24 hours on TV
Cape May’s Carrie Locklyn takes on QVC
By Klein Aleardi

When Carrie Locklyn leaves her Haddonfield home to commute to the office, it’s still dark outside. Like, dark dark. Because it’s around 9 pm.

As a QVC guest host presenting the shopping channel’s signature home line, Home Reflections, the Cape May native regularly takes the one-hour trip to West Chester, PA, for a full day – sometimes longer – of live TV. 

“I’ll be on air for about half an hour at a time, then I might have an hour break before I’m back on again,” Locklyn says.  

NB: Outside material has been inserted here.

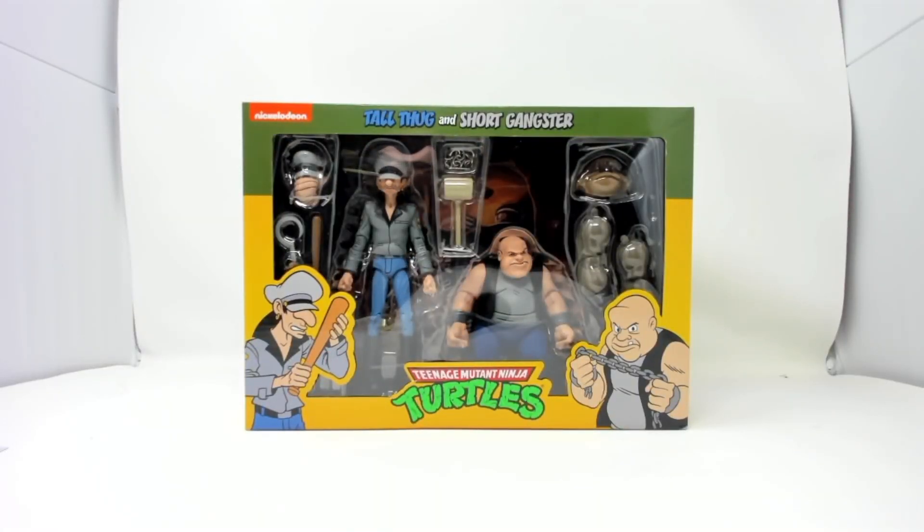Welcome Teenage Mutant Ninja Turtles fans to Mutant Monday! Today we have Tall Thug and Short Gangster from the haul-a-thon haul. Before we begin, please hit that subscribe button so you don't miss out on any future unboxing videos, and like this video — that would help me out with the algorithm and keep me making videos.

Luckily, the studios are located in QVC’s headquarters, a campus of sorts complete with a coffee shop, cafeteria, lots of open space and a handful of fellow QVC employees to help pass the time. 

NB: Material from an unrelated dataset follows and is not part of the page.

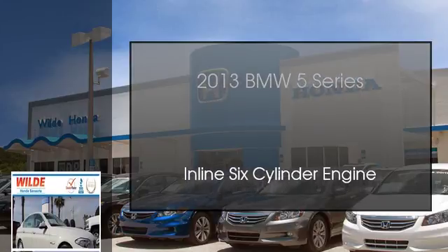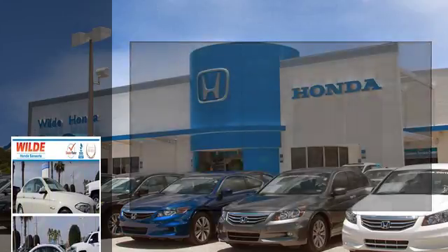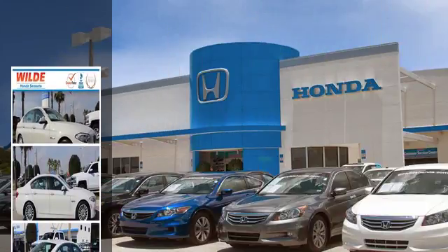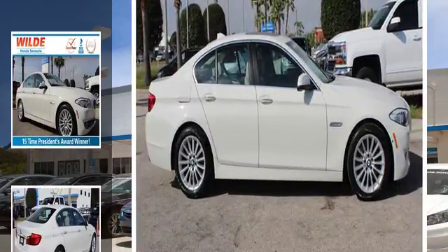This is a 2013 BMW 5 Series. This car has an automatic transmission and an inline six-cylinder engine.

For Locklyn, activities between appearances usually consist of drinking coffee, eating pieces of candy and taking advantage of the massage chairs in the green room while QVC plays in the background (there’s a TV in every room playing QVC – some even have the airings from different countries around the globe). 

“I’m careful with how much I eat on my breaks,” Locklyn says. “Because if you eat too much you can get tired and feel numb. And when you’re on air, you have to be on. I wouldn’t quite say it’s like being an athlete, but it does have endurance to it.”  

During those breaks, she’s probably brushing up on everything there is to know about the products she’ll be introducing to millions of viewers in the next segment. You’ll never see Locklyn on air with any kind of cheat sheet, that’s a QVC faux pas. “It’s all from memory,” she says. 

Her ability to stay on her feet and keep so much information organized in her head are skills she credits to her eclectic resume. She’s been a professional dancer, a bartender, a TV host for HGTV’s “Extreme Makeover: Home Edition” and other shows, as well as a stand-up comedian and improv performer.  

“It’s kind of like remembering choreography or remembering the recipe of a drink, and you’re also presenting and entertaining at the same time,” Locklyn says. “I’ll use each product in my personal life and look at it from a functional end first. Then, of course, from the beauty side. Then I learn the technical pieces.” 

“So if I’m presenting a set of sheets, I learn where the cotton is from, how it washes, how it stretches and breathes. I have a Rolodex of information in my brain, with everything I want to say about the product. Sometimes, the host will ask me a question that I didn’t think of, but because I know the product so well, I’ll be able to answer it.”

And then…it repeats. But it’s never the same, says Locklyn. Because each time she goes on air, she’s introducing viewers to a different product. Since first appearing on the network in 2018, she’s shown everything from decorative lanterns and charcuterie boards to travel pillows. 

None of these segments are scripted, she notes. Everything you’re seeing is off-the-cuff, which leaves some room for creative choices, but zero room for switching to autopilot. “Every time I present, I’m presenting a different product with a different host at a different time of the day and a different week. And anything can happen – it’s live TV.” 

Like the time Locklyn presented a set of towels that are described as “super absorbent.” But that phrase can sound jumbled when you say it out loud, so she decided to pivot. “On air, I decided to say, ‘these towels really suck up the water in a minute,’” Locklyn says. “And the second I heard myself say it out loud, I thought, ‘No, don’t do that again.’” 

The longest stretch of time Locklyn has spent at the studio has been 26 hours, when she was presenting a product for Today’s Special Value – TSV for short – which is the network’s extra-special deal that is offered for 24 hours. It’s something she’s participated in multiple times. 

“For those, I have to be there at 10 pm the night before, and then we’ll debut it at midnight, present it throughout the morning, have a small break, then start back up at 7 am for the rest of the day.” 

Leading up to that midnight debut, Locklyn will meet with producers, do a walkthrough on the set, speak with the host, speak with the directors and set designers to make sure everyone’s on the same page. But for regular segments, there’s no rehearsal. It’s just go. 

Some people would be turned off by weird hours and the stress of live television, but for Locklyn, this has always been a bucket list item.

“I’ll have these moments when I go through the security check-in and I think, ‘Wow, I watched this with my mom and my grandma and here I am,’” she says. “And my mom still watches every single one of my airings.”